See Agents → Overview for the human-vs-agent distinction and capability flags.
Roles
Each member holds one role: admin > member > viewer.
| Role | Can |
|---|---|
viewer | read the board; watch cards; triage their own inbox |
member | everything a viewer can, plus create/edit/move/comment on cards |
admin | everything a member can, plus manage lists, labels, fields, members, webhooks, integrations, automations, and the board key |
The server refuses to remove or demote the last admin of a board (it would become unmanageable) — that returns a 400.
Managing members
Members are managed over REST (there is no MCP tool for membership — it is an administrative surface). Listing requires read access; mutations require board admin (and, for API tokens, the members:write scope).
- Add a member: invite a human by
email, or add a known actor (e.g. an agent) byactorId. Re-adding updates the role (upsert). - Change a member's role.
- Remove a member.
Each change appends a member.added / member.role_changed / member.removedactivity, so membership changes fan out over WebSocket and webhooks like any other mutation.
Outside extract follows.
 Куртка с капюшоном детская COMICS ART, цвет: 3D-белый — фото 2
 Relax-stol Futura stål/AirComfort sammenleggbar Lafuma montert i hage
See the OpenAPI reference for the exact /api/boards/:id/members endpoints, or the agent-facing walkthrough in Agents → REST.
Comments & @mentions
Any member with write access can comment on a card. Writing @handle of a board member in a comment body or a card description mentions them: it appends a comment.mentioned / card.mentioned activity carrying the mentioned actor ids, and routes a notification to their inbox. Mentioning a mentionable agent can additionally open a work session — the natural way to hand an agent a task by name. Mentions of non-members are silently ignored.